CompaniesPREMIUM

Ninety One looks to Saudi Arabia for growth

The investment manager pins its hopes on the Middle East and its North American investment

Picture: 123RF
Picture: 123RF

Asset management behemoth Ninety One is looking at tapping into the Middle East as a new growth frontier for the group, whose assets under management declined 10% in the financial year to end-March.

Spun off from Investec three years ago, the group had net outflows of £10.6bn in the period under review, taking its assets under management to £129.3bn.

The company’s management fees decreased 4% to £607.7m in the year, while profit after tax fell 20.2% to £163.8m.

CEO Hendrik du Toit said it has been a “challenging year” characterised by high inflation, rising interest rates, bank failures and geopolitical uncertainty as the war in Ukraine continues.

“All of this led to unprecedented risk aversion among asset owners,” Du Toit said.

“Furthermore, and regrettably, we have to mention the deterioration of economic prospects in our original home market, SA, where we have a substantial business. We consider it our duty to call this out, but also to work constructively with government, civil society and other stakeholders to improve this situation,” he added.

Most of the group’s assets under management comprise equities, followed by fixed income.

Most of the assets by client group are in Africa and the UK. 

Ninety One said it is backing its investment in North America to come good, while looking to grow in the Middle East.

Capture opportunities

“We consider the North American institutional and [sub-advised] opportunities as primary medium-term growth drivers. We remain confident that our investment in North America will pay off,” Du Toit said.

“We have and will be investing further to build our presence in the Middle East, specifically in the Kingdom of Saudi Arabia, to capture the opportunities in that fast-growing region.”

He added that the SA business held up well in the year under review.

“The adviser business and the platform business were net-flow positive, but the institutional business did see some outflows given the structural challenges facing the industry like the declining economy so retirement funds shrinking. We did however retain our market share in this segment.”

However, Du Toit bemoaned SA’s economic performance and structural impediments in Africa’s second-biggest economy.

“The weak SA economy dampens the growth potential of the likes of Ninety One, Coronation and … PSG … what has happened in SA is tragic. The lack of decision-making and the lack of urgency to solve the problems is just not good for the long-term economic growth,” he said.

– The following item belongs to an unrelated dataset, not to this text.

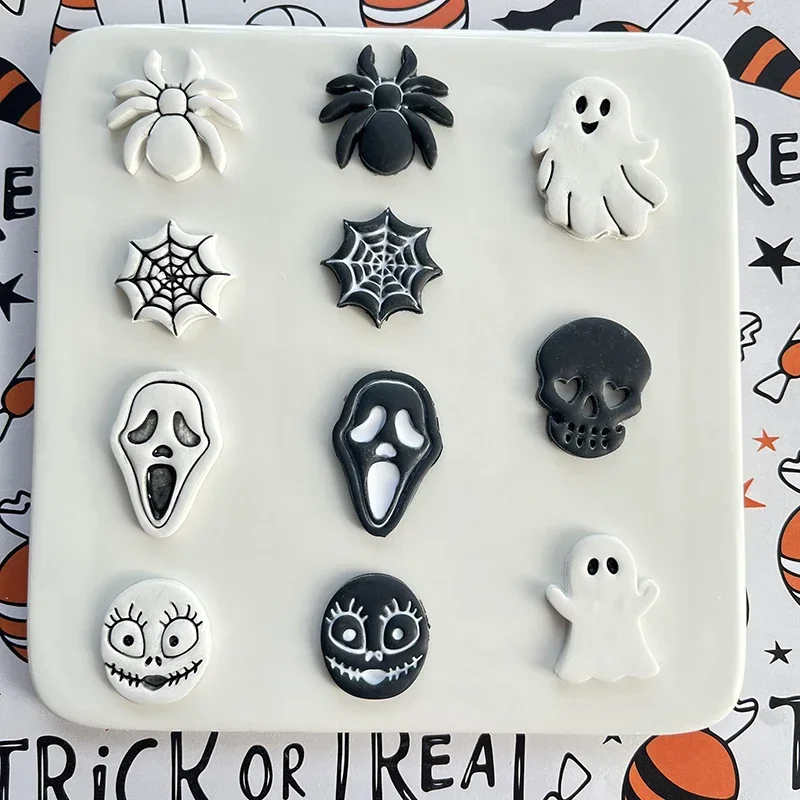 Seria Halloween formy gliniane kapelusz wiedźmy/kot/zombie/kość/dynia/nietoperz/pajęcza sieć/duch formy do cięcia gliny DIY kolczyki biżuteria narzędzia ręczne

“On top of that, what we have had in SA is the relaxation of exchange controls on retirement assets at a time when the country is not attracting offsetting flows of the same quality. That puts further pressure not only on the industry but ultimately on asset prices in the country because there is less money buying assets.”

The group is bracing itself for another challenging year and has highlighted unsupportive financial market conditions, further bank failures, hostile macroeconomic conditions, and muted interest in emerging markets investing as some of the hurdles.

It also flagged the “substantial relaxation” of exchange controls regarding SA institutional investors and the increased regulatory scrutiny as challenges.

“Though we acknowledge the much-publicised structural challenges facing the investment management industry, we remain resolute that this industry is full of opportunity. Investment management at its core is a talent and results business … scale helps, but at the high-value end, there are many other more important success factors.”